Earlier Tuesday morning Detroit was ranked last — for the fifth time — among urban school districts on a national test known as the Nation’s Report Card. Vitti’s former school district, Duval County Schools in Jacksonville, Florida, showed significant gains in fourth-grade math and posted the highest scores among 27 urban districts in the nation in that subject. He told Chalkbeat the curriculum he used in Duval is the same one a committee of educators recommended to the board last month.
“The gaps between the standards and the materials being used in the district is very relevant” to the poor performance on the national test, Vitti said at the school board meeting at Mumford High School.
“So the fact that we are last…it’s not surprising,” Vitti said on a radio show on Wednesday. “Let’s specifically talk about what affects those test scores — quality curriculum. We did an audit this year that show the materials are not only outdated but not aligned to the standards.”
This change in teaching materials is one of the biggest investments the district has chosen for the 2018-19 school year. For math, K-8 students will begin using Eureka Mathematics materials at a maximum cost next school year of $1.8 million, and will use the Expeditionary Learning curriculum from Open-Up Resources for reading at a maximum cost of $5.3 million. The total yearly recurring cost will be $3,074,151.
There are no changes in curriculum for high school students at this time.
An audit completed earlier this year showed that the district’s current curriculum is woefully unaligned to state standards — it set kids up to fail on standardized tests like the one released this week.
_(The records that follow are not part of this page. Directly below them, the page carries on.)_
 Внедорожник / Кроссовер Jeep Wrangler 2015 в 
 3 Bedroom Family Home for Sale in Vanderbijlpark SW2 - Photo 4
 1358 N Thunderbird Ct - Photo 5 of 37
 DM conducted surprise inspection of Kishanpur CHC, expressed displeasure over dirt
“I didn’t realize how low the bar for our current curriculum is right now until we saw this one,” said Brandy Walker, a teacher at the Foreign Language Immersion and Cultural Studies School who served on a committee of educators tasked with helping choose the materials.
The district has estimated that the new materials will boost reading scores by 3.46 percentage points per year, and by 3.1 percentage points in math every year.
“This year we have focused on rebuilding the district’s infrastructure using the same strategies that led to some of the highest performance among large urban school districts in Duval, Miami-Dade, and Florida in general,” Vitti said. “We simply need time and space to build capacity, and improvement will be seen by 2020’s” next round of testing.
It’s a critical time for improving reading scores. In 2020, a new reading law will force schools to hold back most third-graders who are not reading at grade level. Last year, only about 10 percent of third-graders passed the state’s annual English Language Arts exam.
Teachers will begin training in the summer and be given all new materials to review far before the start of the school year, Vitti said.
The district can pay for the materials mostly because of an increase in enrollment, and thus an increase in total per pupil funding from the state, said Jeremy Vidito, the district’s chief financial officer.
The school board approved a budget of just under $732 million for next year on Tuesday, which pays for the new teaching materials and allocates money for gym teachers, art or music teachers, guidance counselors, and more.
The district is currently recruiting at universities around the country, and specifically targeting historically black universities. The approved budget also allocates money to centralize services for bringing new teachers on board to make the hiring process easier and faster.
The district has roughly 180-190 teacher vacancies, Vitti said, compared to about 265 at this time last school year.
Vitti is negotiating with union representatives to offer higher salaries to experienced teachers coming from outside the district. Salaries for new teachers start near the bottom of the district’s pay scale.
“If we can fully recognize experience outside Detroit, we will be much closer to being fully staffed,” Vitti said.
“In my experience as a teacher, teachers are overwhelmed by how many students are in their class,” said John Lambert, a teacher at Burns Elementary-Middle School. “I think budgeting for more teachers is one of the wisest things the district could do.”